[Short descriptive text snippets]
# # # #
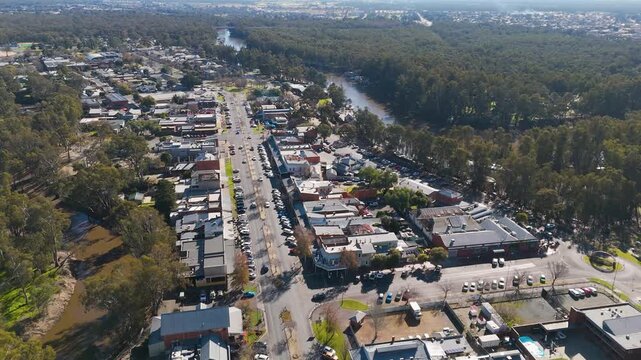 Echuca Victoria Australia, Cinematic Aerial View of the CBD and Victorian Era Streetscape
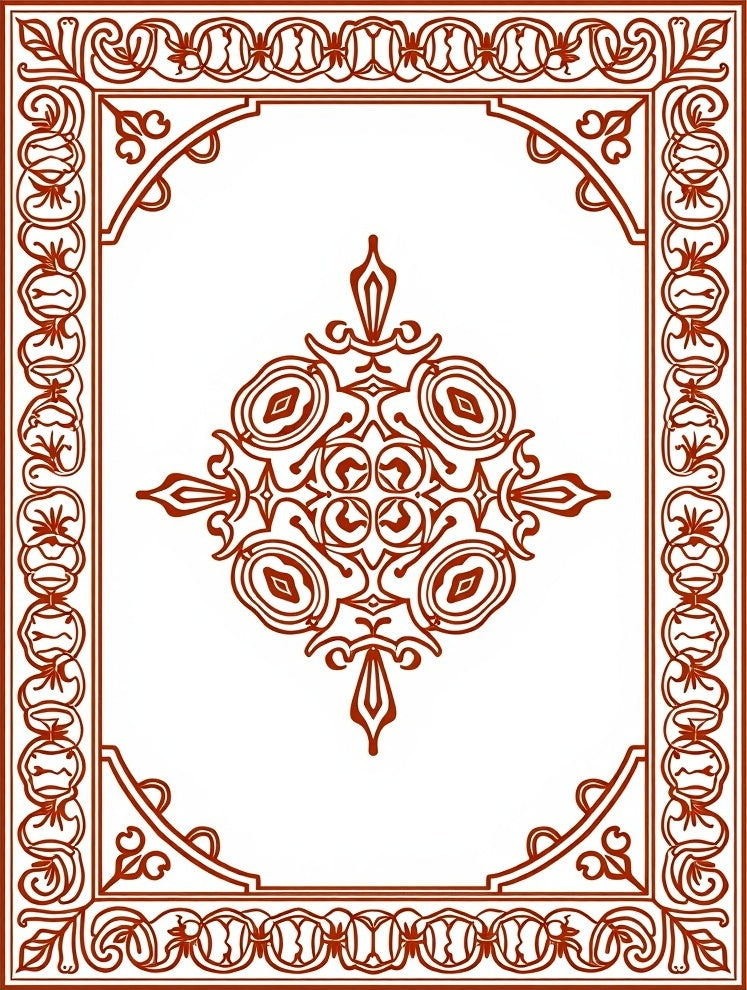 Ornate Brown Centerpiece Border Rug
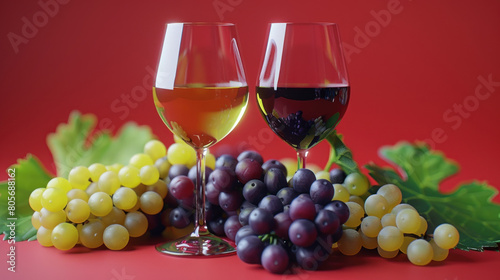 Grapes and Wine   Yellow Background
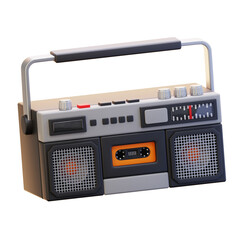RADIO RETRO 3D ICON ILLUSTRATION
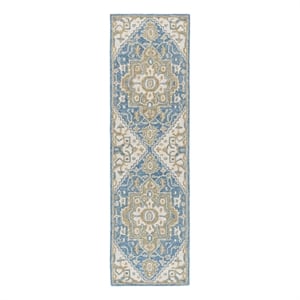 Safavieh Metro 2'-3&quot x 8'-0&quot Wool and Cotton Hand Tufted Rug in Blue / Beige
# # # #
#### WHAT IS EXPECTED
Exact copies of the lines from the one containing "RADIO RETRO 3D ICON ILLUSTRATION" through the final line of the data are required; pictures are to be omitted.

#### ANSWER TO THIS EXERCISE
RADIO RETRO 3D ICON ILLUSTRATION
 Safavieh Metro 2'-3&quot x 8'-0&quot Wool and Cotton Hand Tufted Rug in Blue / Beige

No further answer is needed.